This article on the Chronicle’s Wired Campus discusses a recent survey that finds continued student dissatisfaction with digital textbooks. I don’t use digital textbooks… or print textbooks. So I can’t really speak to the relative merits of such technologies. However, I do know that students are conditioned to learn from print. Asking them to learn in other ways can be important, but we shouldn’t be surprised if they are resistant.

The resistance to digital textbooks is similar to what one encounters teaching with social media. Sure, most students use some social media for some purpose. In teaching my course, I regularly find students who say they felt (peer-) pressured to use facebook but that they wouldn’t do so otherwise. They don’t necessarily feel enthused to be using social media in their courses. Without trying to be too cynical here, most students just look at college as an obstacle rather than as an opportunity. They just want to get through, over, under, around with as little effort as possible and get the certificate that will get them a shot at a career.

College curriculum has no sense of this audience. Half the credits are general education. Students complain that these courses are a waste of time and that they don’t help prepare them for a job. Of course most textbooks target these large general education course from FYC to every 101 course across the campus.

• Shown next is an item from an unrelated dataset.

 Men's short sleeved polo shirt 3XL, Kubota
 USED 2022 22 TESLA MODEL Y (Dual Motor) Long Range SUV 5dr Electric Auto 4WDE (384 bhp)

No one will ever want to read these books.

Anyway, the point is that the reason students like print texts is that a) they are familiar so they require less effort and b) they can sell them to other students. Since digital texts could obviously be freely copied and distributed, there’s going to be a built-in resentment that they cost money. We’re talking about a generation of students who rarely pay for music. They certainly don’t want to pay for e-books that they don’t want in the first place.

Of course that doesn’t solve the problem for digital textbook publishers. But my point, in a way, is that this isn’t a problem you need to solve. So what if students don’t like digital textbooks? They don’t like anything about most of the course they are taking. This isn’t the entertainment industry for crissakes! Of course they want the text for free. It would be even better if the book would read itself. Can you manage that?

The person you need to sell is the professor. S/he’s the one who orders the book. Then it’s up to the professor to explain to the students why they need to use the text. If professors say they’re not using a digital textbook b/c students say they don’t like them, ask them why they use any text at all. I defy anyone to find a single textbook that a student body would say they would choose to read.

If the e-publishing strategy is to try to sell digitial textbooks by arguing that they will appeal to students, then they are going in the wrong direction. Digital texts need to make use of the medium to offer media and interactivity beyond what is possible in print and offer students and faculty new avenues for teaching and learning. That’s the direction I’d go.